For libvirt-daemon-kvm it's >= 3.10.0-132, right?

Comment 4 Michal Privoznik 2018-02-12 12:39:02 UTC
I think this bug is only waiting for new Fedora build. Cole?

Comment 5 Fedora Update System 2018-02-13 20:32:12 UTC
libvirt-3.7.0-4.fc27 has been submitted as an update to Fedora 27. https://bodhi.fedoraproject.org/updates/FEDORA-2018-b22d46eabb

Comment 6 Fedora Update System 2018-02-14 18:27:46 UTC
libvirt-3.7.0-4.fc27 has been pushed to the Fedora 27 testing repository. If problems still persist, please make note of it in this bug report.
See https://fedoraproject.org/wiki/QA:Updates_Testing for
instructions on how to install test updates.
You can provide feedback for this update here: https://bodhi.fedoraproject.org/updates/FEDORA-2018-b22d46eabb

Comment 7 Cole Robinson 2018-02-14 23:11:21 UTC
Build pushed now, sorry for the delay

Comment 8 Nir Soffer 2018-02-28 00:34:41 UTC
Michal, is this fix available in libvirt-3.7.0-4.fc27?

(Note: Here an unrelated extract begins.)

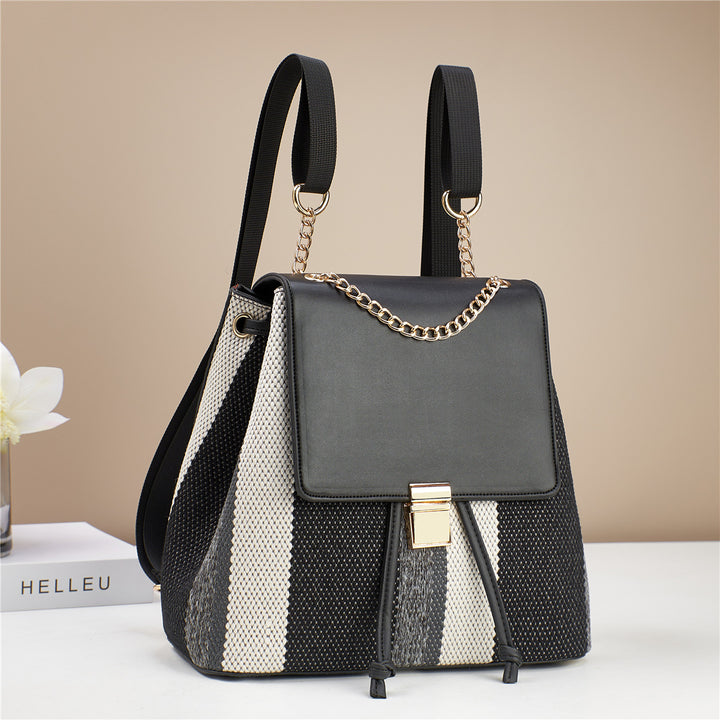 Damen Rucksackhandtasche mit strukturiertem Obermaterial und modarem Kettendetail Nord Taschen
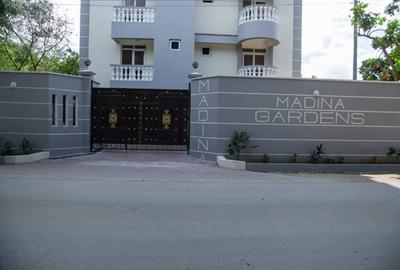 Serviced 3 Bed Apartment with En Suite in Mtwapa - 4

Comment 9 Michal Privoznik 2018-02-28 06:45:06 UTC
(In reply to Nir Soffer from comment #8)
> Michal, is this fix available in libvirt-3.7.0-4.fc27?

Yes, it is.

Comment 10 Fedora Update System 2018-03-01 16:23:03 UTC
libvirt-3.7.0-4.fc27 has been pushed to the Fedora 27 stable repository. If problems still persist, please make note of it in this bug report.